Cyber Intelligence and Instrumentation Officer
San Francisco, CA

Job Description

At the Federal Reserve Bank of San Francisco, the work we do is consequential and challenging. Our environment encourages growth and diversity. Our employees flourish in a team-oriented atmosphere and are dedicated to the important mission of the San Francisco Fed.

What we do:

The National Incident Response Team (NIRT) is an in-house Information Security team that serves the entire Federal Reserve System across the United States and its territories. NIRT is responsible for delivering effective and efficient nationwide cyber intrusion detection, incident response, threat assessment, cyber intelligence, software security, vulnerability assessment, and other information security services to the Federal Reserve System (FRS) and select Bureaus of the US Treasury.

Your role as a Cyber Intelligence and Instrumentation Officer:

The individual in this role is responsible for strategic and execution leadership for NIRT's Cyber Intelligence and Instrumentation service portfolio, including people, processes, and technology. The role is responsible for all aspects of cyber intelligence and threat-based analysis of the risks to the FRS and Treasury customers; additionally, this role is responsible for maintaining highly effective and efficient instrumentation and threat detection capabilities to support NIRT's core mission. This position requires close coordination with peers in the areas of incident response, security monitoring and security assessment services.

In this capacity, the candidate frequently engages with the System's senior National IT management leadership, business line executives and others throughout the System regarding information security threats and cyber security risk matters. This includes providing threat intelligence to support the protection of mission-critical applications and systems that support market operations, financial institution supervision, services to banking organizations, services to the U.S. Treasury Department, and internal FRS operations.

The successful candidate will be a visionary and experienced Information Security Executive who has extensive experience in the delivery of high performing cyber security services in a federated governance model; has an excellent grasp of analytic and cyber intelligence tradecraft; executive leadership experience, and a track record of successfully supporting risk-based decision-making through analysis.

* Delivers high impact written and verbal briefings on sensitive cyber threat intelligence matters with a broad range of audiences including information security staff, senior executive leadership (e.g. CIO, CISO, etc.) and business area representatives.
* Develops and maintains broad ranged strategic plans, internal processes, and staff capabilities to support security advisories (vulnerability intelligence), cyber threat analyses, system-wide strategic security recommendations, cyber intelligence briefings and information sharing with trusted partners.
* Directs all-source intelligence lifecycle including requirements, collection, analysis and dissemination in alignment with industry standard methodologies and best practices.
* Oversees assessment of cyber threats to the organization including near-term and strategic risks within critical functions.
* Provides support managing or directing response activities during significant enterprise-level cyber incidents or emerging cyber threat conditions.
* Develops and maintains broad ranged strategic plans, internal processes, and staff capabilities to support network telemetry design, threat detection platform support (e.g.

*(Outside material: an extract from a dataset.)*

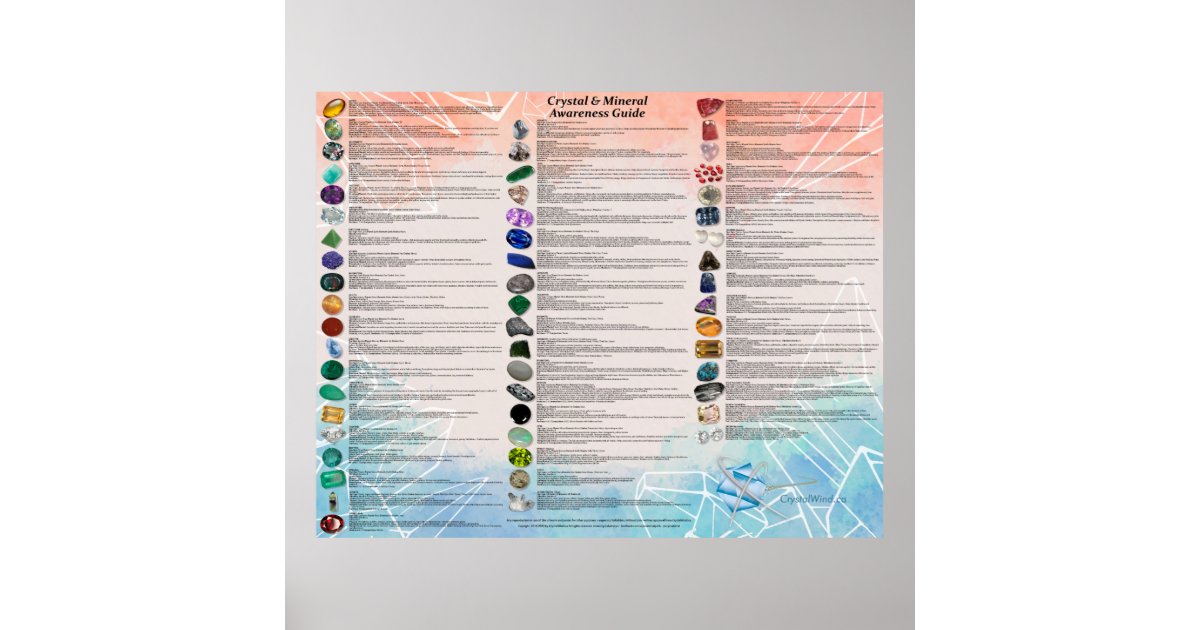 Crystal & Mineral Awareness Wallchart - Light Poster | Zazzle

NIDS, advanced malware analysis, network capture, etc) and threat analysis capabilities aligned with current threat landscape or anticipated adversary capabilities.
* Directs staff and oversees the functional responsibilities as it relates to implementing key strategies and critical business priorities at an organizational level.

What we are looking for:

* Master's degree in Cyber Security, Engineering, Computer Science, or related discipline or an equivalent combination of education and work experience.
* Ten (10) to twelve (12) years of experience in cyber security, with at least 5 years of experience in cyber intelligence, incident response, security assessment, security operations, or computer network defense functions.
* At least three (3) years of leadership experience in progressively responsible roles in a demanding environment; strong leadership skills and ability to effectively manage high performing staff.
* Expert level understanding of adversary tactics, techniques and procedures (TTPs); threat actors including nation-state, cyber-criminal and hacktivist groups.
* Advanced knowledge of intelligence lifecycle, cyber intelligence practices, incident response, security assessments, security engineering and computer network defense.
* U.S. citizenship and ability to obtain and maintain Top Secret level security clearance.

The Federal Reserve Bank of San Francisco is committed to a diverse workforce and to providing equal employment opportunity to all persons without regard to race, color, religion, national origin, sex, sexual orientation, gender identity, age, genetic information, disability, or military service.

The Federal Reserve Bank of San Francisco is committed to a work environment that respects and fully values the strengths and differences of its people.